Em uma segunda votação, os senadores analisaram se Dilma deveria ficar inabilitada para exercer funções públicas por oito anos. Foram 42 votos favoráveis, 36 contrários e três abstenções.
Como eram necessários 54 votos, a punição não foi aprovada.
Assim, Dilma perdeu a Presidência, mas manteve seus direitos políticos.
Por que o impeachment é chamado de golpe?
A classificação do processo como golpe está relacionada principalmente à avaliação de que Dilma Rousseff foi retirada do poder por razões políticas, utilizando-se como fundamento acusações fiscais cuja caracterização como crime de responsabilidade era contestada pela defesa e por seus apoiadores.
O argumento central do campo progressista é que um mandato conquistado democraticamente foi interrompido sem a comprovação de uma conduta pessoal da presidenta que justificasse tamanha punição.
A própria existência da perícia do Senado sobre as pedaladas tornou-se um dos elementos utilizados para sustentar essa interpretação, já que os técnicos não apontaram ato de Dilma na execução dos atrasos do Plano Safra.
Além disso, o impeachment ocorreu em meio a uma profunda disputa política, após a vitória apertada de Dilma nas eleições de 2014 e diante do avanço de uma oposição que buscava retirar o PT do comando do governo federal.
Por essa perspectiva, o impeachment funcionou como uma forma de retirar do poder, por meio de um processo institucional, uma presidenta que havia sido eleita pelo voto popular.
Dez anos depois, o debate continua
Uma década depois, o significado político do impeachment permanece em disputa.
Para os setores que apoiaram a cassação, o processo foi constitucional e resultou de uma condenação do Senado por crimes de responsabilidade. Para o campo progressista, entretanto, 2016 representa um golpe parlamentar que rompeu o mandato de uma presidenta eleita e inaugurou uma nova etapa de instabilidade política no país.
O episódio também é considerado um marco para compreender a sequência de acontecimentos que transformou a política brasileira nos anos seguintes.

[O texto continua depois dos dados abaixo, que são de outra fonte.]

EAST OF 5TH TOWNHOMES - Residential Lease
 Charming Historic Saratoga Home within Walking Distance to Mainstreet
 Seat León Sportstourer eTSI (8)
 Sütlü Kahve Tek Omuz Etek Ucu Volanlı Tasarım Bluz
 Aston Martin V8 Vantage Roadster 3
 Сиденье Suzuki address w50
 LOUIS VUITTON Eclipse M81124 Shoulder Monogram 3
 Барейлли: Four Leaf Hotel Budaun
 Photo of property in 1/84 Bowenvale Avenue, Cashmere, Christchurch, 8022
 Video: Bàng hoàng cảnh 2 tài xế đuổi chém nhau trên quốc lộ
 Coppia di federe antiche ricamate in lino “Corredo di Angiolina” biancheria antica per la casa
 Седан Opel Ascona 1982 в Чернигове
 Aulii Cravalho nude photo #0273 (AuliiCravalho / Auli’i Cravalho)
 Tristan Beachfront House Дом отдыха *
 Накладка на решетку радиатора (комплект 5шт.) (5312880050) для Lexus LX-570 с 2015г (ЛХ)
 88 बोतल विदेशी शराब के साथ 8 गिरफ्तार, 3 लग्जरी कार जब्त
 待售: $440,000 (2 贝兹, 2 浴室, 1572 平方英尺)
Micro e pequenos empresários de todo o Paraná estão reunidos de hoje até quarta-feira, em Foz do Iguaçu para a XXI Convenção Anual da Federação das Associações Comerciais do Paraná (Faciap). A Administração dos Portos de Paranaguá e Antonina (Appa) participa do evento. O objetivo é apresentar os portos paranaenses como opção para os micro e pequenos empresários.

Após a saída de Dilma, Michel Temer assumiu definitivamente a Presidência e implementou uma agenda econômica diferente daquela defendida pelo governo petista. Posteriormente, o país passou pela prisão e posterior libertação de Luiz Inácio Lula da Silva, pela eleição de Jair Bolsonaro em 2018 e pelo retorno de Lula à Presidência em 2023.
Nesse percurso, o impeachment de Dilma passou a ser frequentemente lembrado como o acontecimento que abriu uma nova fase da disputa política brasileira.
Dilma Rousseff dez anos depois
Dez anos após deixar a Presidência, Dilma Rousseff permanece atuante na política internacional.
Desde 2023, ela preside o Novo Banco de Desenvolvimento (NDB), o Banco do Brics, instituição multilateral criada pelos países que formam o grupo.
Em 2025, Dilma foi reeleita por unanimidade para um novo mandato à frente do banco, com duração até julho de 2030.
A trajetória internacional da ex-presidenta contrasta com o cenário vivido em 2016, quando deixou o Palácio do Planalto após a decisão do Senado.
Uma ferida ainda aberta
Dez anos depois, o impeachment de Dilma Rousseff continua sendo uma ferida aberta na política brasileira.
Para quem o chama de golpe, 31 de agosto de 2016 simboliza a retirada de uma presidenta eleita por meio de um processo institucional utilizado para produzir uma mudança de poder que não havia sido obtida nas urnas.
Os números, entretanto, permanecem registrados na história: 61 senadores votaram pela cassação e 20 foram contrários.
A disputa sobre o significado daquele dia permanece viva. Para o campo progressista, foi o golpe de 2016. Para seus defensores, foi o exercício constitucional do impeachment.
Dez anos depois, a discussão sobre o que aconteceu com o mandato de Dilma Rousseff continua sendo também uma discussão sobre democracia, voto popular e os limites do poder político no Brasil.